No hay nada más antiguo que un cartel electoral, al día siguiente de haberse celebrado las elecciones, acaso un cartel de toros, después de haberse acabado las fiestas patronales, porque todo lo que eran ilusiones y expectativas parece polvo sobre banderas que yacen abandonadas, recuerdos de una lejana universidad.

Esos gallardetes con rostro, esas banderolas agitadas por el viento, esos carteles con lemas amortizados parecen una lección de fugacidad. Acaso en la fotografía del vencedor la sonrisa tenga todavía cierto fundamento, pero las alegres expresiones de los derrotados no sólo parecen asunto de un pasado lejano, sino muestras extemporáneas de un contento incomprensible.
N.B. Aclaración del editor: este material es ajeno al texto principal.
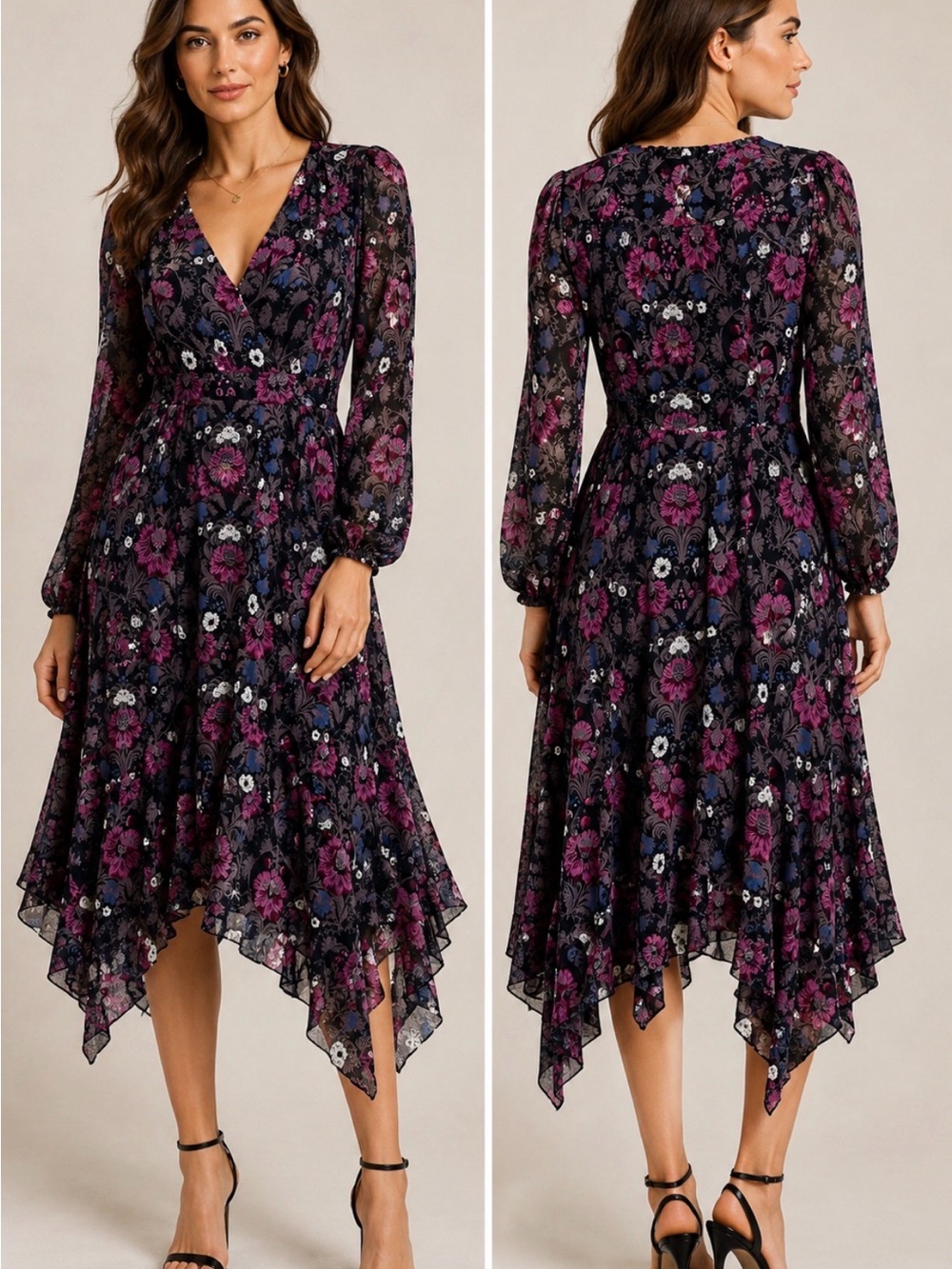 PAIGE Floral Long Sleeve Handkerchief Hem Dress Size 4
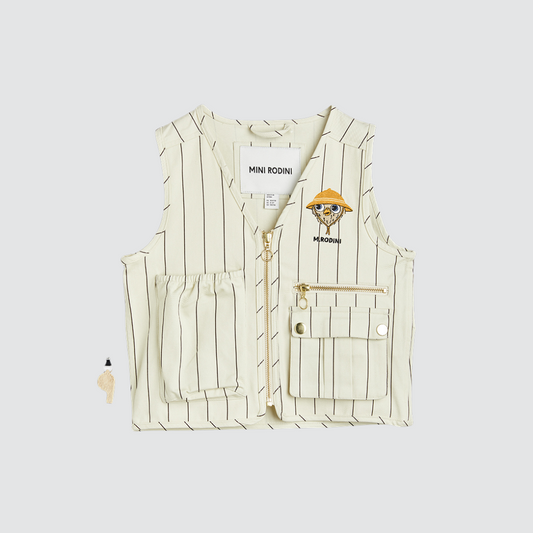 Owl Emb Utility Vest Off White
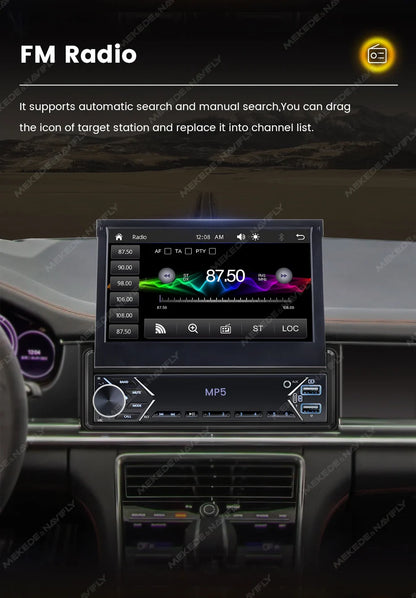 New Carplay Android Auto 1Din 7'' Retractable Universal Car Stereo Radio TouchScreen MP5 Player Intelligent Vehicle System BT FM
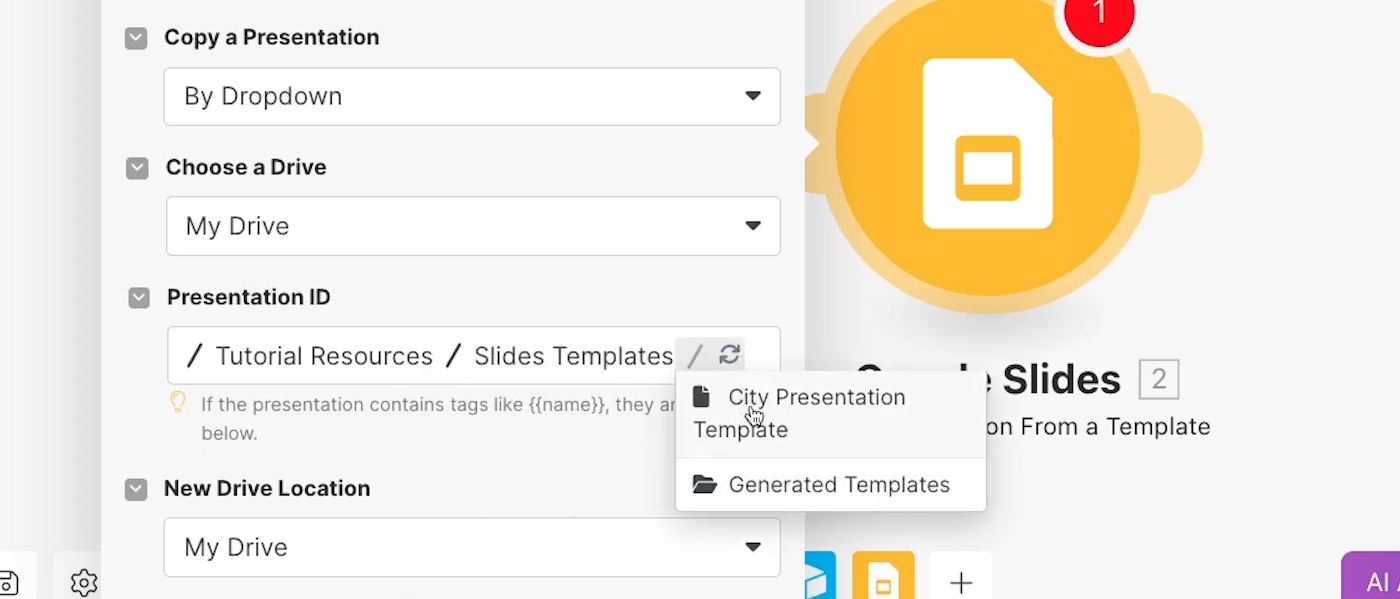 Select the Presentation you wish to use with the dropdown from Presentation ID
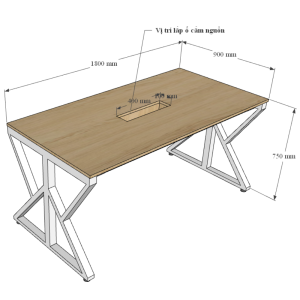 Bàn họp 180x90cm gỗ Plywood vân sồi chân sắt Kconcept HBKC042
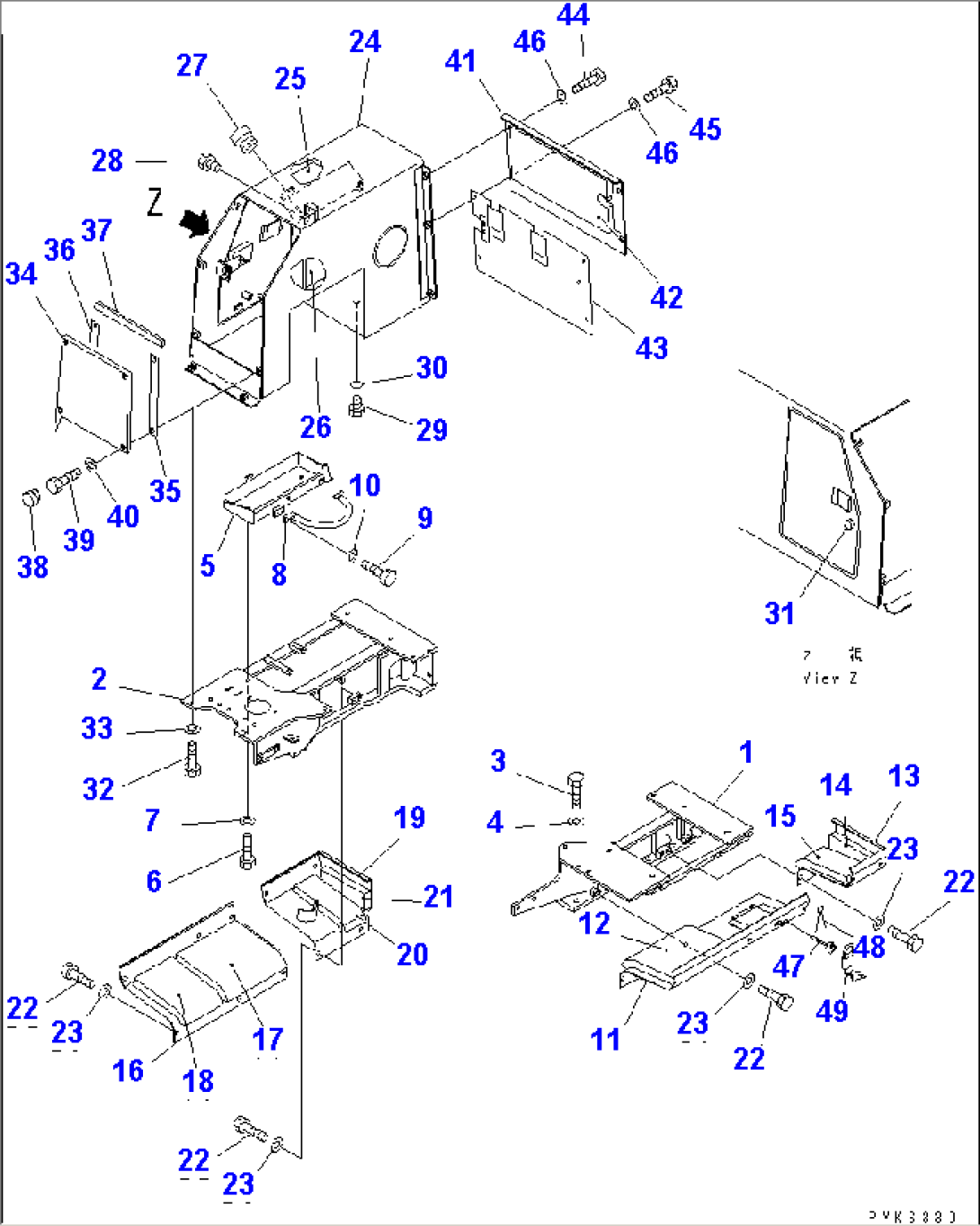 REAR COVER AND HYDRAULIC TANK (3-POINT HITCH¤ P.T.O. AND RIPPER) (REGULATION OF EU DYNAMIC NOISE)(#42415-)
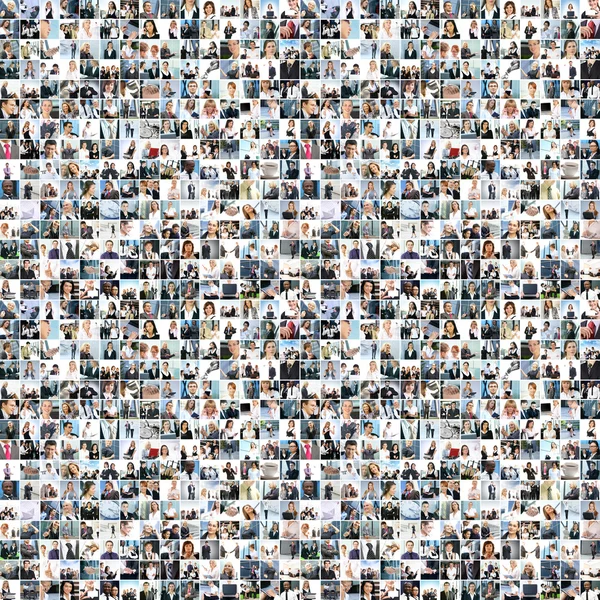 A large business collage with many persons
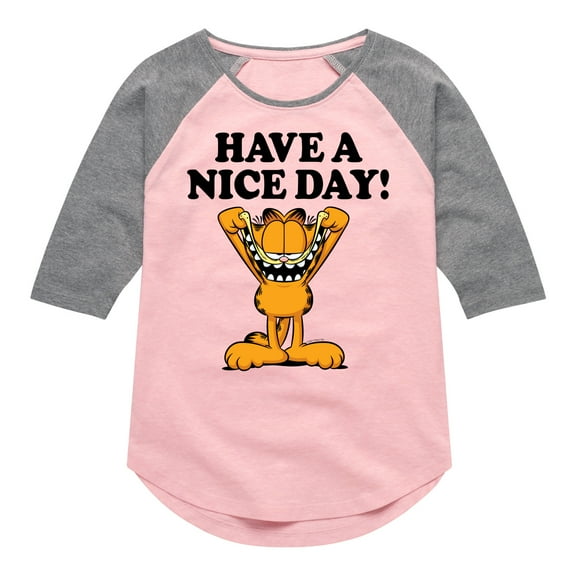Garfield - Have A Nice Day - Toddler And Youth Girls Raglan Graphic T-Shirt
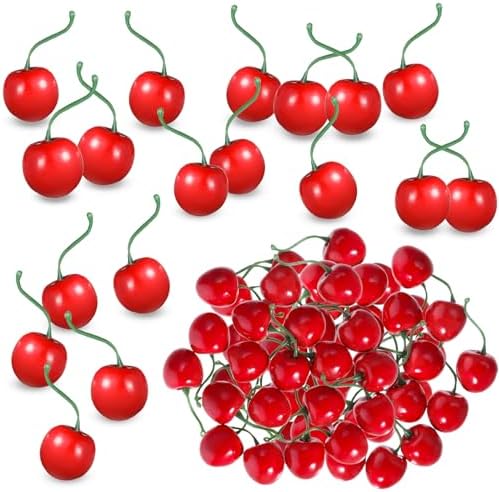 50Pcs Artificial Cherries Lifelike Decor Photography Props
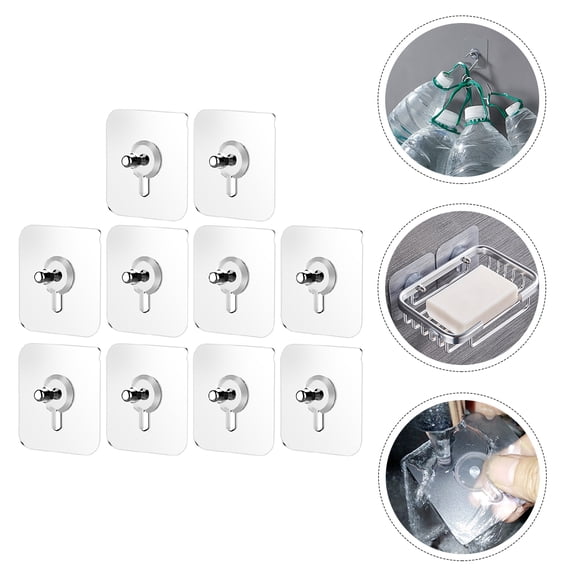 ibasenice 10Set Kitchen Sticker Acrylic Non-Trace Hook for Bathrooms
La garrulería circundante, la forofada de la que no se libra ni un club de fútbol, ni un partido político, suele ensuciar las imágenes de los contrincantes con añadidos caricaturescos u ofensivos, avisos de que la intransigencia anida en porcentajes tan visibles como evidentes. Pues bien, incluso esa burla incívica aparece como un escarnio tan gratuito como inoportuno, tan inútil como improcedentes.

Muy pronto, la eficacia de la máquina publicitaria irá retirando esas muestras del pasado tan inmediato como antiguo, pero en los lugares no convencionales, en ese sitio insólito al que no llega la logística de reparación y limpieza, quedará durante semanas, quién sabe si durante varios meses, un rostro sonriente, que acudió al estudio del fotógrafo lleno de esperanzas, y que se va decolorando, a medida que el sol y la lluvia y el viento dejan su huella diaria, y la sonrisa tiene algo de mueca resignada, de acatamiento del destino. Sic transit gloria mundi . Lo sabemos, pero lo olvidamos, y es en esos carteles donde emana una profunda lección de que la vida fluye, y los triunfos y las derrotas son la antesala de un conjunto de carteles... y algo de melancolía.